誰が? 僕が? 何のため? 生まれてくる子どものために? なら仕方がない。僕は道路に散らばったペットボトルを拾いあげる。アスファルトに近づいた顔は、照りかえしなのだろう熱にパンチされたかのようだった。
突然、耳元で悲鳴にも似た大きな音がした。死にかけのセミがふらふらと飛んでいた。ジジジジという鳴き声が「あぶねぇじゃねぇか」と叫んでいるように聞こえた。のけぞる。それすらもしんどい。汗が飛んだ。ヘルメットの下の頭に巻いたタオルはびしゃびしゃだ。タオルが含んでいる水分も、すべて汗で、垂れてくる。奥歯がガタガタとふるえる。きっと熱中症になりかかっている。それでも一歩ずつ歩みを進めてペットボトルを拾う。
こんなに大変な仕事だとは思わなかった。36歳まで芸人の仕事しかやってなかったので、まったく運動をしていなかった。
ゴミ清掃員になる前、街中で見かけたときに「大変そうだなぁ」と思ったことはあったが、やってみるとこんなに大変だとは思わなかった。
ゴミ清掃員のリアルな1日
ゴミ清掃員は清掃車にゴミ袋をパンパンに詰めたら、1日の仕事って終わりのイメージない? 僕はあった。仕事がハードなぶん、午前中に仕事がおわって、夕方前には帰れると勝手なイメージで思っていた。
実は清掃車をパンパンにする作業を1日、6回やる。
清掃車がいっぱいになると清掃工場というところに行って、回収したゴミをゴミピットと呼ばれる大きなゴミ置き場に置いて、現場に戻って、続きをやる。
1回、回収するのにだいたい50分から1時間かかる。
びっくりするでしょ? 清掃車1台で、900個のゴミ袋が入るといわれている。重さにすると最大で2トン。

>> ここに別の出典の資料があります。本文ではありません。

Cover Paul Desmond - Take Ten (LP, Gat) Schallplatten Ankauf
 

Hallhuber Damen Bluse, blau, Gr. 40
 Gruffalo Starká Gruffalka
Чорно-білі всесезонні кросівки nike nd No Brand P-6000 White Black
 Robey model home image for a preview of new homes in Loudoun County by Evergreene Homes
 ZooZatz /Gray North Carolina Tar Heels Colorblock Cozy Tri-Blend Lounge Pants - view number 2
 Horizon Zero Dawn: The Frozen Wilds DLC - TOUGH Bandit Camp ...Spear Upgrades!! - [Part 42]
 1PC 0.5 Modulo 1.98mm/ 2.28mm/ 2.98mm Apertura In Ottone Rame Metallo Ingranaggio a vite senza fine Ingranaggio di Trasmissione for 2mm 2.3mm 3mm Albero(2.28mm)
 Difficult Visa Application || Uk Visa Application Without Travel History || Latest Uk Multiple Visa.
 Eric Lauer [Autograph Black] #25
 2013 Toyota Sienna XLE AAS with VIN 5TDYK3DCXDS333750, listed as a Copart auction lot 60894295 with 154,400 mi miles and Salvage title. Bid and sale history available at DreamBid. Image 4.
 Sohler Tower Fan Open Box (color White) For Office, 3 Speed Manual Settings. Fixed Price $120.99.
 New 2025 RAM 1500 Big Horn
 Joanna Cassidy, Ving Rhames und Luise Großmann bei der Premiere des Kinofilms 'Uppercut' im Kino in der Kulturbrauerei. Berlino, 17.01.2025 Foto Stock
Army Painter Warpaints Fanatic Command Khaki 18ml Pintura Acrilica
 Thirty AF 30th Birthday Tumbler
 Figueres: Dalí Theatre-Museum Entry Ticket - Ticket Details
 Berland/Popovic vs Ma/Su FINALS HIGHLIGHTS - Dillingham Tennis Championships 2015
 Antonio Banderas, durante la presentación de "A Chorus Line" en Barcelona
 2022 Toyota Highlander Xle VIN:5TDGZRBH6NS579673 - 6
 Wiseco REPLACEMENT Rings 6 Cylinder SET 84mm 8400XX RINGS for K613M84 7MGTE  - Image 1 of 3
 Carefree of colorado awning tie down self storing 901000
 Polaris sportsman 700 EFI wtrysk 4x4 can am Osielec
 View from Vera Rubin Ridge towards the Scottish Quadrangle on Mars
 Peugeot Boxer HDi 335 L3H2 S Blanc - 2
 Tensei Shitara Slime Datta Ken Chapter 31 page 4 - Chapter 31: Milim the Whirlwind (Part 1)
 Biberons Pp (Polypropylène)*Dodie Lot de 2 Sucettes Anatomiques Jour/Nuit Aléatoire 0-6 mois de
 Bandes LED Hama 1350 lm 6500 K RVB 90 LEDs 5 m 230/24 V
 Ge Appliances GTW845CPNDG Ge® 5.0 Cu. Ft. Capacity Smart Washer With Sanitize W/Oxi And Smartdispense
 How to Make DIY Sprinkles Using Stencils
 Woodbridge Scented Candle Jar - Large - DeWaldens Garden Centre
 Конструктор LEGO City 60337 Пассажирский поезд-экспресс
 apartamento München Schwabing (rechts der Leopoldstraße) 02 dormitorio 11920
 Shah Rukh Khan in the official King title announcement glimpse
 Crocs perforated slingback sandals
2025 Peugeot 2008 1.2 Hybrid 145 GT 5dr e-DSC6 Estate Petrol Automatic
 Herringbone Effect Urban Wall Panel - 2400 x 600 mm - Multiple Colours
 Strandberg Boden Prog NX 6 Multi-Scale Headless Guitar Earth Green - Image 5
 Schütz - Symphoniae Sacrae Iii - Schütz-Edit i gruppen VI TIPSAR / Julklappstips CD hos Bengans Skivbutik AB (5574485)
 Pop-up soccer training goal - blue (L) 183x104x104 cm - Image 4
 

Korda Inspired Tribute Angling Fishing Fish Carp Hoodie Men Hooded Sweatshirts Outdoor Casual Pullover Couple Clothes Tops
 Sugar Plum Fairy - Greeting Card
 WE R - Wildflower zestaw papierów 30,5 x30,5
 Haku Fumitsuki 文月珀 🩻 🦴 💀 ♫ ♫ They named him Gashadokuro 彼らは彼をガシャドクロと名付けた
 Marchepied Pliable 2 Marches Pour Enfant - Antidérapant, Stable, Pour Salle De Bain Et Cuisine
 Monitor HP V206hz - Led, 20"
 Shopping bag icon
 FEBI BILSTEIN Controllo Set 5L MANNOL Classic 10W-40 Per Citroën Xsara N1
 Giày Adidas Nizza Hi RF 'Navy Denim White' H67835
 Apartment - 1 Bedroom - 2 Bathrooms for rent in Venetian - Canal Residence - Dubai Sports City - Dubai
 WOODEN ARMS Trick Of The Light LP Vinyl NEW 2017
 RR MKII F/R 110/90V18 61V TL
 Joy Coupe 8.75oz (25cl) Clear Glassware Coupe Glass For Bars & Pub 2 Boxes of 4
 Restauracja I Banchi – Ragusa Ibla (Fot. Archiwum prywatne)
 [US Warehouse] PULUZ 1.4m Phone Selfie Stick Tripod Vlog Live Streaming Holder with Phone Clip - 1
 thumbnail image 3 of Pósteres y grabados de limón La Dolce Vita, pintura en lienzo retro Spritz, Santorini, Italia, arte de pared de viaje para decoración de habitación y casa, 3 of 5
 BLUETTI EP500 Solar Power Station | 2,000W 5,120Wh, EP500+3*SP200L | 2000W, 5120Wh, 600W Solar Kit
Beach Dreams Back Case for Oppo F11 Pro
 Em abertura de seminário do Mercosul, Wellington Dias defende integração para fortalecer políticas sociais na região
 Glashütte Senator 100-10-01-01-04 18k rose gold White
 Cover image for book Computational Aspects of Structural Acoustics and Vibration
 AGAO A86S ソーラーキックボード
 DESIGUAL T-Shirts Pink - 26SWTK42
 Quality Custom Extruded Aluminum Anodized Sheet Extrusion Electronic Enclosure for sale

2トンといってもピンとこないよね? 小柄なアジアゾウのメスがだいたい2トンといわれている。なのでもし清掃車1台に、ゴミをパンパンにつめたら、アジアゾウのメスと同じ重さになる。
ざっくりだけど、それを6回くりかえすから1日に5400個のゴミ、つまり10~12トンくらいの重さのゴミを清掃車1台で回収する。メスのアジアゾウ5、6頭分。ゾウの群れだ。
本当にさまざまなゴミが出る。
とても大量のゴミを回収しなければならないから、ひとつひとつまじまじ見ることはないけど、土の詰まった電子レンジのように、たまに「なんで!?」と思うゴミが出ている。